Courtesy of Lisa Starry
Most contemporary dance companies are either boring to watch or so bizarre that you practically need subtitles to interpret a performance. That's why we love Scorpius Dance Theatre, a local troupe known for mixing graceful moves and humorous interludes in a way that makes dance accessible to the average Joe. The company was founded by choreographer Lisa Starry in 1999 and has won numerous awards including a few of our "Best Ofs." We won't pretend that Starry's sexy A Vampire Tale has nothing to do with Scorpius winning in this category, but it's certainly not the only reason we noticed them. This annual Halloween production brought the sex appeal back into modern dance, an ideal that continued this season in Catwalk. The fashion-themed show highlighted one major difference between Scorpius and the other modern dance troupes we've seen: Few dancers in this company look like Kate Moss. Starry breaks with longstanding tradition by hiring the best talent, regardless of whether a dancer is bald and broad or short and curvaceous.

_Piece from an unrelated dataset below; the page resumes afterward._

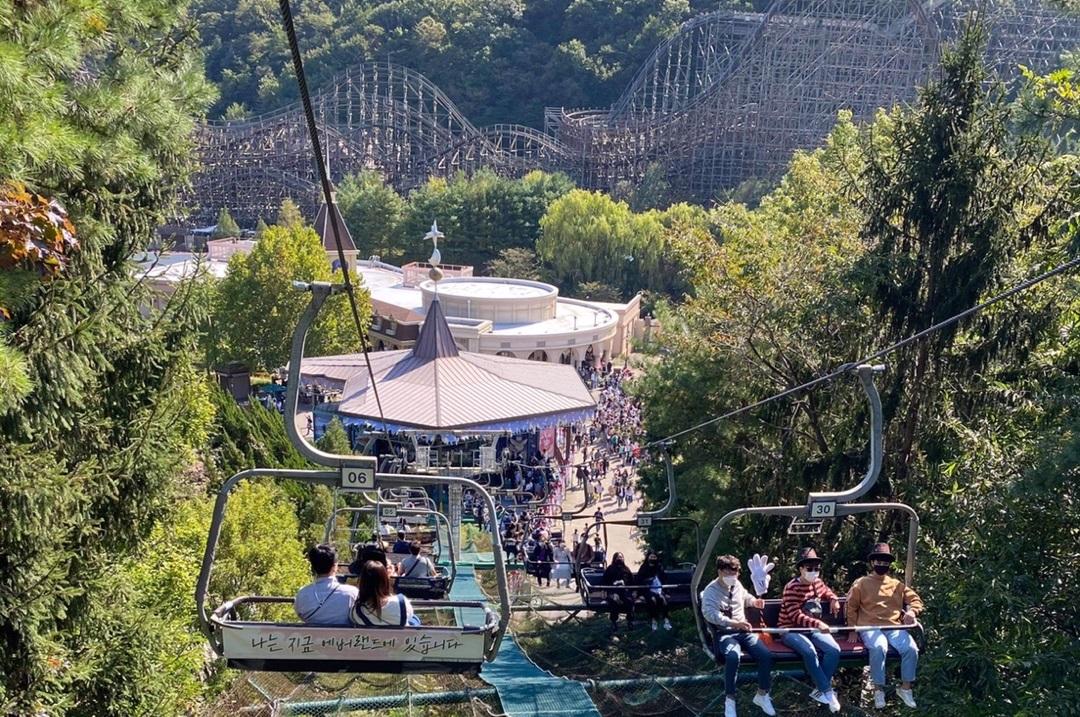 ถึงแม้จะมีโควิดตัวร้าย! แต่ก็ไม่สามารถหยุดยั้งความต้องการในการเที่ยวของเราได้ พบกับรีวิวการเที่ยว Everland ช่วงโควิดกันดีกว่า!!7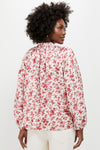 Pomegranate Bloom Sawyer Blouse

Best Funky Arts Space in Town That Never Changes

Kerr Cultural Center

Patron of the arts Louise Lincoln Kerr was the daughter of real estate tycoon John C. Lincoln, which may be what inspired her to buy 47 acres of land south of Lincoln Drive in the 1950s. She started an artists colony there, with a performance hall/studio made of natural adobe bricks (formed and dried on the property), and doors hand-carved from sugar pine. The building's main doorway was adorned with empty beer bottles set right into the plaster; the well-worn earthen tile was made from local clay. And it's all still there, bequeathed to ASU in 1977 and home these past several decades to musicians and other artists who come together to perform for our enjoyment. And no matter who's performing in this cozy, wood-beamed sanctuary, the evening always feels like an informal gathering of friends in someone's living room — which we suspect is exactly what Louise Lincoln Kerr had in mind.